Yo creo que el Partido Conservador debe también aceptar no sólo
el reto, sino la responsabilidad que tiene de servir como casilla única
y universal para la democracia nicaragüense.
En círculos
políticos se menciona que esta gran alianza no va a
funcionar y que el Partido Conservador escogería una fórmula
Noel Vidaurre-José Antonio Alvarado ¿Esto así es?
No sabría
decirte, te digo sinceramente, porque a mí nadie me lo ha ofrecido
o me lo han dicho. He oído rumores que dicen que José Antonio
Alvarado con doña Violeta, otros Noel Vidaurre con José
Antonio Alvarado, otros que dicen el Partido Conservador va a abrir las
casillas y puede ir José Antonio Alvarado con otras personas, no
sabría decirte. Yo personalmente creo que más de que pensemos
directamente en candidaturas tenemos que pensar en cómo unir a
nuestro pueblo para presentarle a Nicaragua un plan de acción con
soluciones concretas.
¿Pero
aceptaría una candidatura de Vidaurre como presidente y usted como
vicepresidente?
No sabría decirte, tendría que consultarlo con mi familia,
con mis amigos, con los dirigentes políticos de los diferentes
departamentos.
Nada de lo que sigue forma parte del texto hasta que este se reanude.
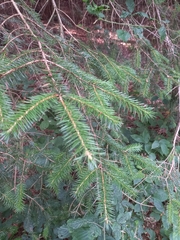Picea sitchensis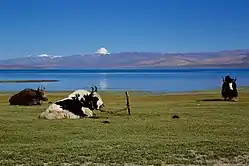 Le mont Kailash se reflète dans le lac Manasarovar.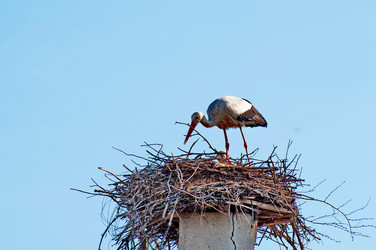 Similar image 634326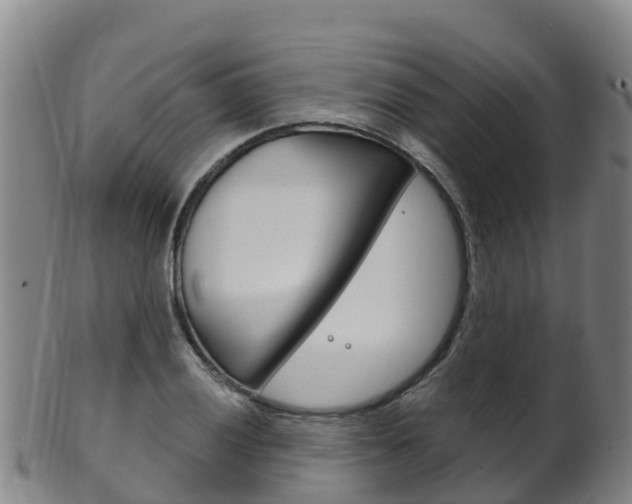 X0000102531028200808081048
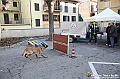 VBS_5376 - In ricordo dell'alluvione del 1994 nel trentennale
Yo no te digo que la rechazo, ya que me preguntás
directamente, sí la tendría que consultar, pues no es algo
que lo he analizado. Incluso, me preguntaban si aceptaría con doña
Violeta. Yo contento de apoyarla a ella, sin embargo cualquier propuesta
yo tendría que consultarla.
¿Cómo
están las pláticas del Partido Conservador y el Partido
Liberal Democrático que usted representa?
Nosotros mandamos una carta al Partido Conservador esta semana, solicitándoles
una reunión para hablar, precisamente, de la formación de
una alianza y tenemos reunión con ellos el día 14 al mediodía
y vamos con mente abierta a presentarles lo que juntos podemos hacer por
Nicaragua.
¿Qué
futuro le ve a esta posible alianza de los liberales con el Partido Conservador?
Aquí hay tres alternativas bien definidas, si el Partido Conservador
hace alianza con el PLC, destruye dos cosas: destruye el Partido Conservador
y las aspiraciones de una democracia en Nicaragua. Además que no
creo que le aportaría mucho, porque la gente que votó por
el Partido Conservador, el 90% no votaría por Arnoldo Alemán.
La segunda alternativa es ir solos, yo creo que tampoco puede ser. Y la
tercera es una gran alianza.
El problema que tiene una gran alianza es que el tiempo va caminando y
entonces la resolución del Partido Conservador tiene que ser lo
más pronto posible y yo le diría al Partido Conservador
que para efectos del fortalecimiento de esta alianza debe de presuponer
que Arnoldo Alemán no va a aceptar implementar las reformas constitucionales.